We can more formally evaluate our model by calculating numerical ratings predictions for the movies a user has not seen. We do this by splitting the data into train and test sets, re-running the correlation matrix on the training data, using the correlation matrix to calculate predicted ratings, and evaluating the predictions on the test data.
### Create test and train indexes
pct_test <- 0.2
n_test <- round( pct_test * sum(!is.na(ui_mat)), 0)
na_ind <- which(is.na(ui_mat))
test_ind <- sample((1:length(ui_mat))[-na_ind], n_test, replace = F)
train_ind <- (1:length(ui_mat))[-c(na_ind, test_ind)]
### Break matrix into test and train
train_mat <- ui_mat
train_mat[test_ind] <- NA
test_mat <- ui_mat
test_mat[train_ind] <- NA
### Create correlation matrix from training data
corr_obj_train <- suppressWarnings(corr.test(train_mat, ci=F))

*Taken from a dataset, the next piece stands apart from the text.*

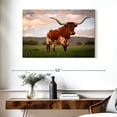 thumbnail image 3 of Elephant Stock Brown Texas Longhorn Wall Art - Horizontal Canvas Wall Art - Living Room Wall Decor - Animal Canvas - Gray And Green Decor - 39" x 26", 3 of 8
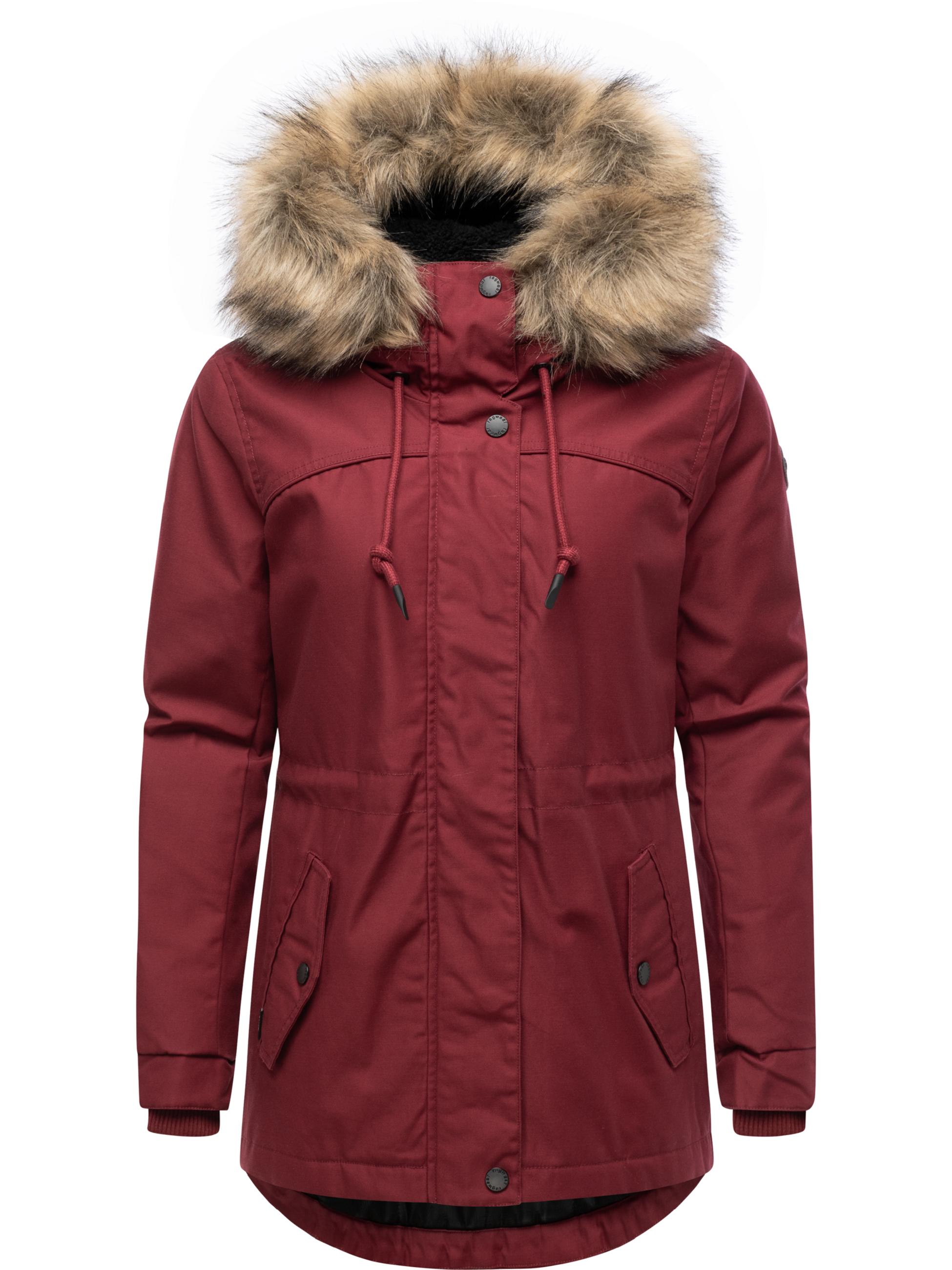 Winterjacke mit abnehmbarem Kunstfell "Tawny Short YOUMODO" Wine Red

cor_mat_train <- corr_obj_train$r
cor_mat_train[which(corr_obj_train$n < min_n)] <- NA
### For each user...
### Hadamard multiply empirical ratings by correlation matrix (re-centered and squared).
### Then remove empirical ratings and take column averages to get predicted ratings for each item.
### Finally, transform the predicted ratings distribution to more closely resemble empirical shape.
prediction_mat <- matrix(NA, nrow = nrow(train_mat), ncol = ncol(train_mat))
for (i in 1:nrow(train_mat)){
user_pred_mat <- train_mat[i, ] * (cor_mat_train - min(cor_mat_train, na.rm=T))^2
diag(user_pred_mat) <- NA
user_pred_vec <- colMeans(user_pred_mat, na.rm=T)
user_pred_vec_trans <- user_pred_vec + (median(train_mat[i, ], na.rm=T) - median(user_pred_vec, na.rm=T))
user_pred_vec_trans <- pmin(user_pred_vec_trans, 5)
prediction_mat[i, ] <- user_pred_vec_trans
}
### Calculate RMSE on Test data and compare to RMSE of simply predicting the global average every time
prediction_mat_chance <- matrix(mean(train_mat, na.rm=T), nrow = nrow(train_mat), ncol = ncol(train_mat))
prediction_mat_chance[which(is.na(prediction_mat))] <- NA
rmse <- function(predicted, observed, rmna=FALSE){
sqrt(mean((predicted - observed)^2, na.rm=rmna))
}
rmse(prediction_mat, test_mat, rmna=T)
## [1] 1.154043
rmse(prediction_mat_chance, test_mat, rmna=T)
## [1] 1.098416
Our prediction model does not fare much differently than just guessing the average (~3.5) every time, so clearly it needs refinement.
We created simple versions of a Content Based Recommender and a Collaborative Filtering Recommender. The benefits of the former are that one does not need other users’ information in order to make a recommendation. The downsides are that the features (“movie genres”, in this example) need to be well determined and tagged in advance. The benefits of the latter are that our model is not determined by how well we feature engineer. The downsides are that we need all other users’ data, so we suffer from a “cold start” problem where we cannot start using the model until we have a reasonably large amount of data.
Our ratings prediction model built with the User-Item Matrix and Item Correlation Matrix did not fare much differently than a rudimentary model of guessing the global average every time.